Beginning at the line that holds "Optimizing the quality", repeat every line through the last line of the material, exactly, and drop any pictures.

***** Material shown

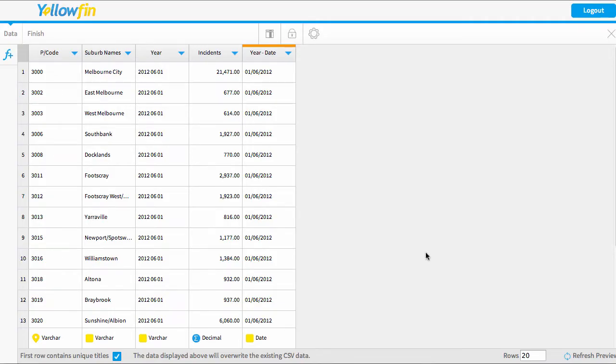Now Yellowfin has kept the same formatting that I had done previously, however it's updated the actual data.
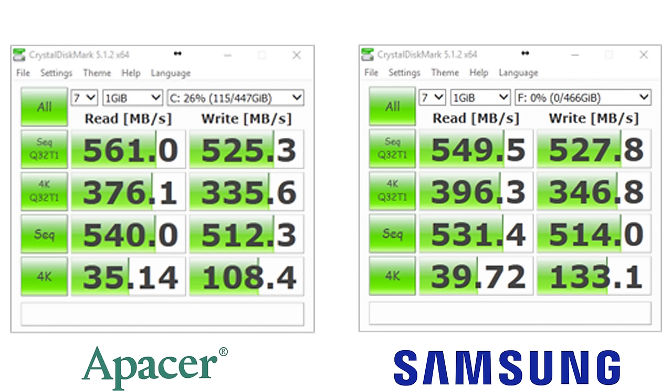I should also say pricing-wise, the Apacer actually looks like it could be the new king of budget SSDs. Traditionally that's a field that Crucial and SanDisk have dominated at around the £95 to £98 price mark for at least a 480 gig capacity SSD. Obviously lower capacity storage options will be cheaper, but that 480-500 gig storage size, Crucial and SanDisk have been the cheapest traditionally.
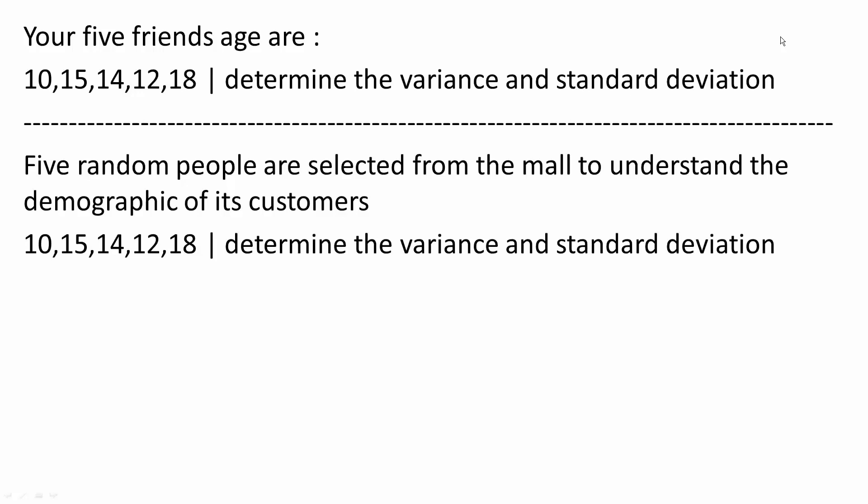Say if you want to survey your five friends, you would be able to actually survey each and every one of them. With that in mind, we have two problems.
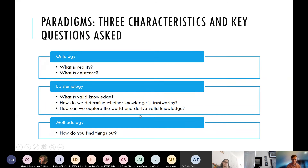Methodology is how we find things out — the study of methods and how research is conducted.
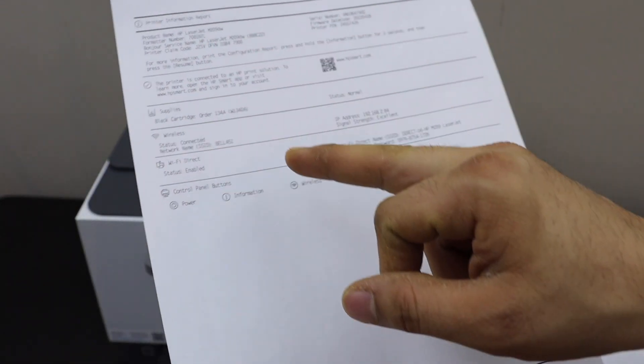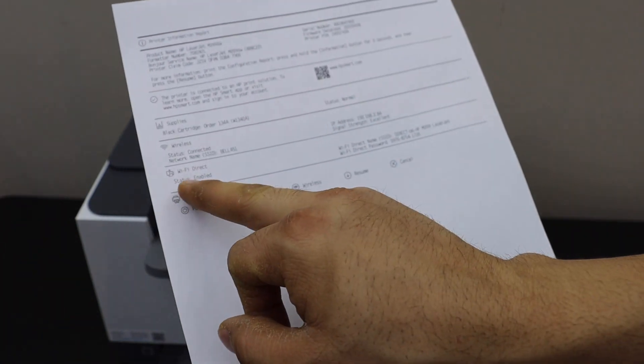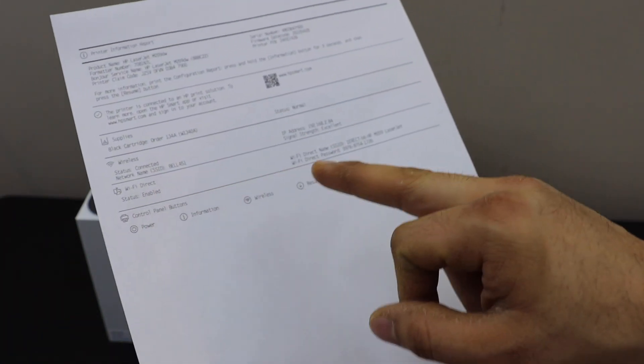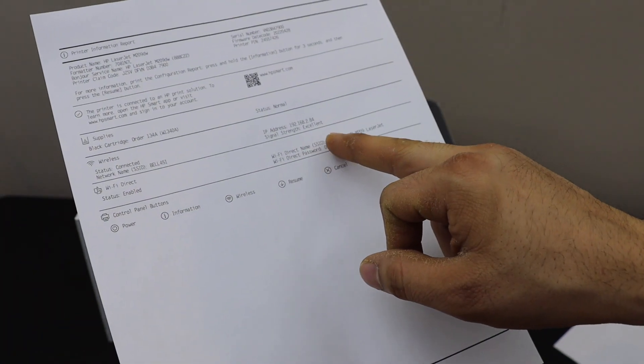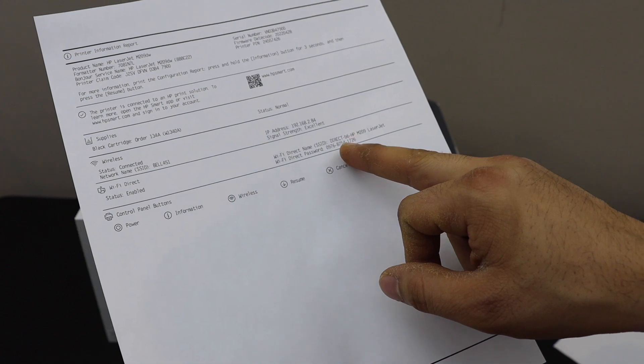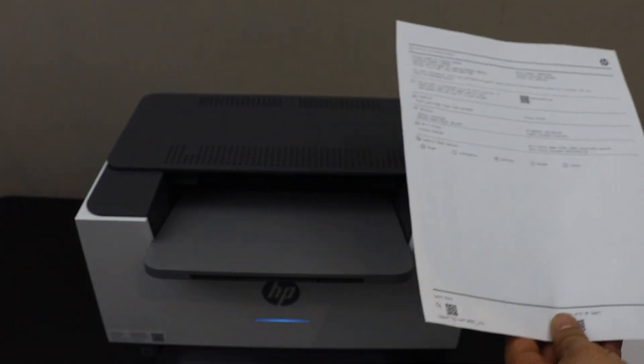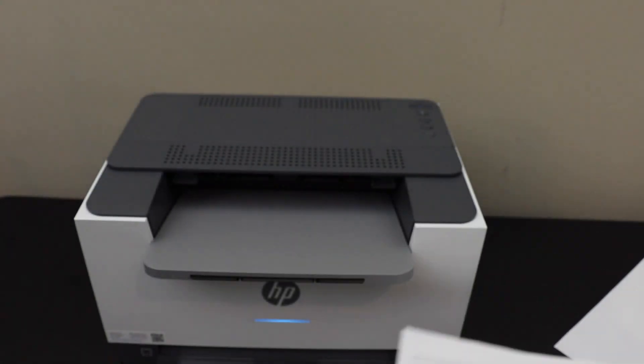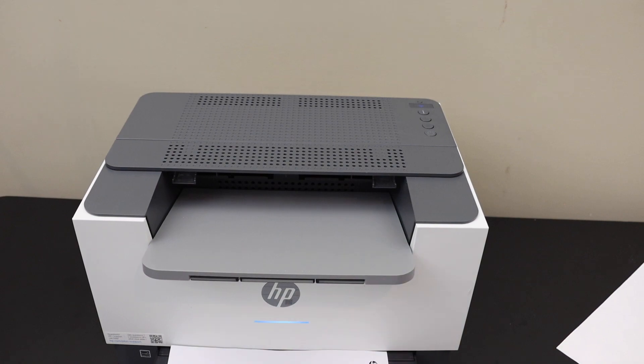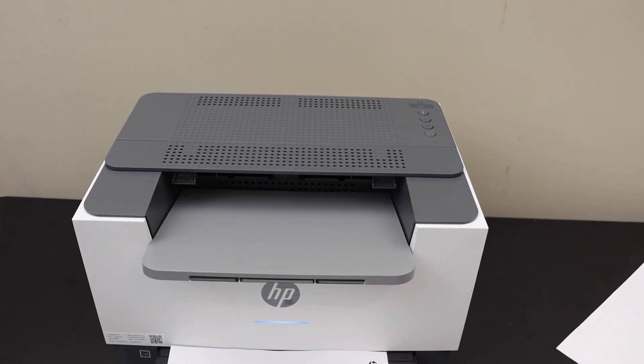With Wi-Fi direct name enabled, it displays the name of your printer and below is the password. So this way we can print the password of this printer. Thanks for watching.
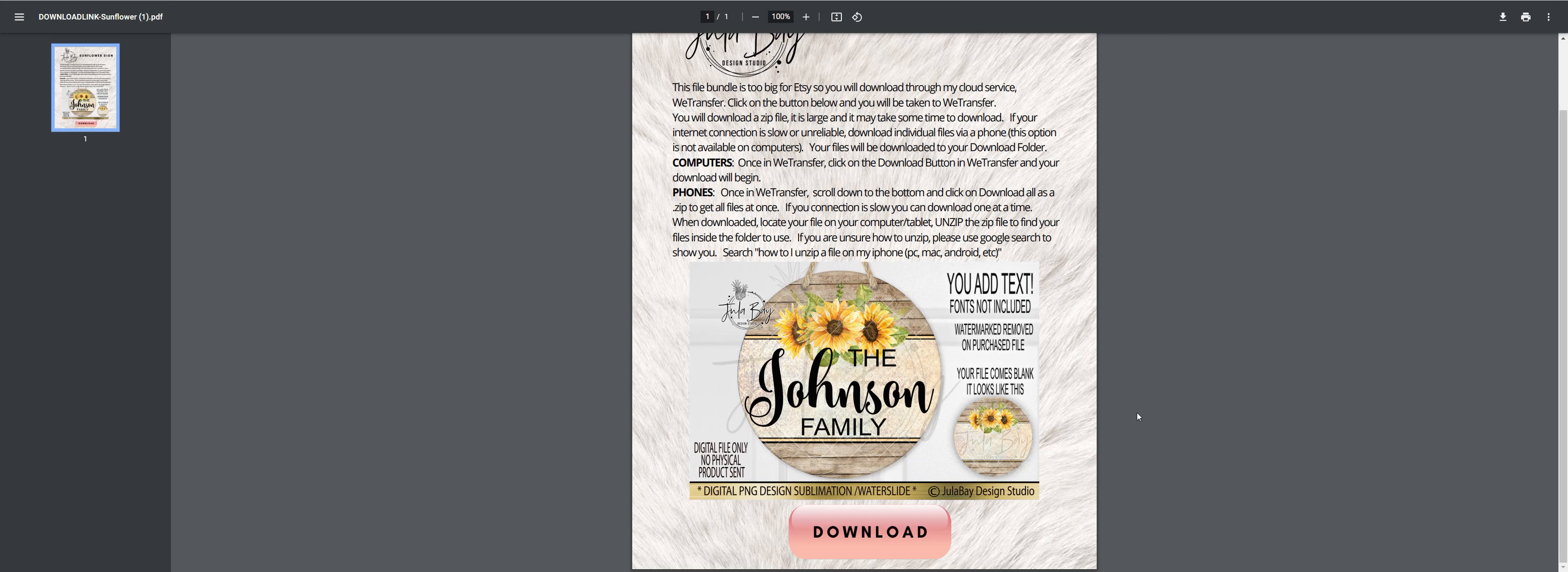Hi, this is Tara from Julebay Design Studio, and someone has just left a one-star review saying they were unable to download this design and use it in Inkscape. So this is a user error. The user did not contact me, but I'm going to show you.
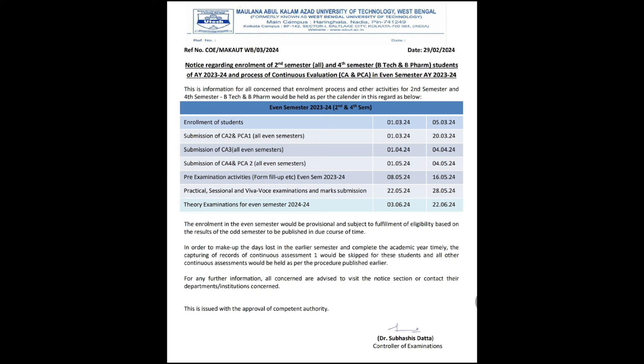PCA2 means the practical exam — pre-examination activities like form fill-up will be from 8th May to 16th May. The practical exam will be from 22nd May to 28th May.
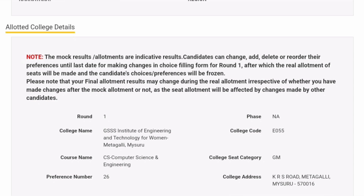There is a note mentioned that mock and results allotments are indicative. Here you have to make decisions, and candidates can change, add, delete, or reorder their preferences until the last date of choice filling. This is quite good news. This is a real allotment — please note that final allotment may change during the real allotment. As of now, for this particular student, you can see it is round one and they got preference number 26, which is GSSS Institute of Engineering and Technology in Mysore. The college code and other details should be visible, and your college seat category such as GM or KKR category should also be correct.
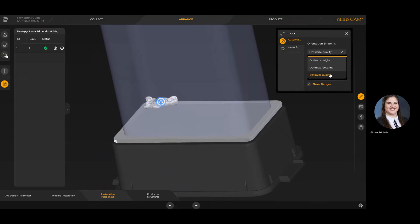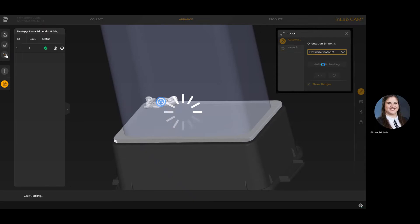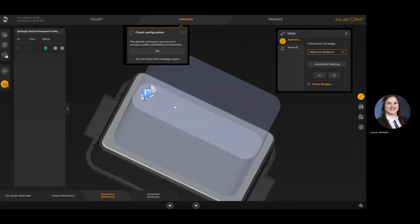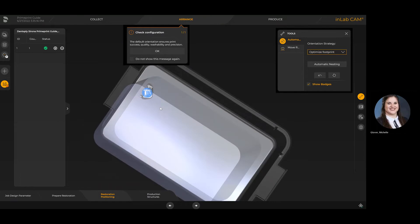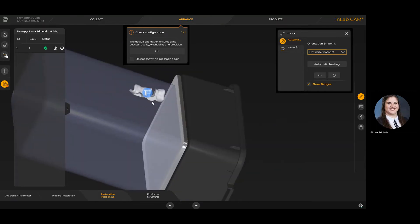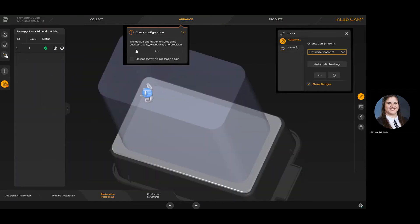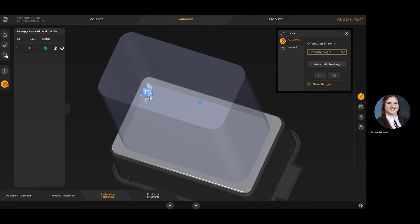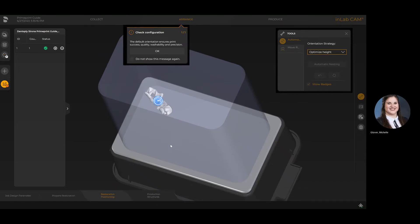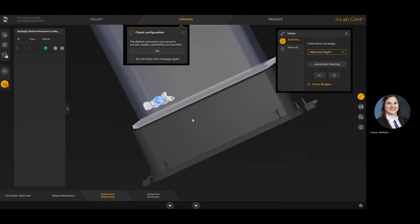Optimizing the quality assures that you're going to get a much better print overall, the best possible fit and everything like that. Now I've changed it to optimize footprint. Optimize footprint is going to take a little bit longer in terms of printing because you're seeing more layers here. However, it will allow me to print more on the actual build tray.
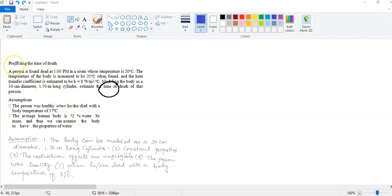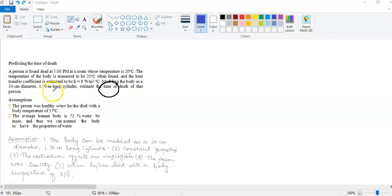We will solve this question. A person is found at 5 p.m. in a room whose temperature is 20 degrees Celsius. The temperature of the body when found is measured to be 25 degrees Celsius. The heat transfer coefficient is given as 8 W/m²°C, and the body is modeled as a 30 cm diameter and 1.7 m long cylinder. We need to estimate the time when the person died. This is a transient problem.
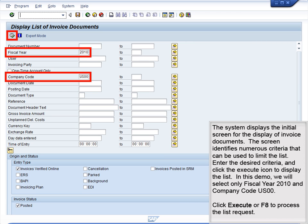The system displays the initial screen for the display of invoice documents. The screen identifies numerous criteria that can be used to limit the list. Enter the desired criteria and click the Execute icon to display the list. In this demo, we will select only fiscal year 2010 and company code US00. Click Execute or F8 to process the list request.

**********

● **Solution to this exercise**:
Optimizing the quality assures that you're going to get a much better print overall, the best possible fit and everything like that. Now I've changed it to optimize footprint. Optimize footprint is going to take a little bit longer in terms of printing because you're seeing more layers here. However, it will allow me to print more on the actual build tray.
We will solve this question. A person is found at 5 p.m. in a room whose temperature is 20 degrees Celsius. The temperature of the body when found is measured to be 25 degrees Celsius. The heat transfer coefficient is given as 8 W/m²°C, and the body is modeled as a 30 cm diameter and 1.7 m long cylinder. We need to estimate the time when the person died. This is a transient problem.
The system displays the initial screen for the display of invoice documents. The screen identifies numerous criteria that can be used to limit the list. Enter the desired criteria and click the Execute icon to display the list. In this demo, we will select only fiscal year 2010 and company code US00. Click Execute or F8 to process the list request.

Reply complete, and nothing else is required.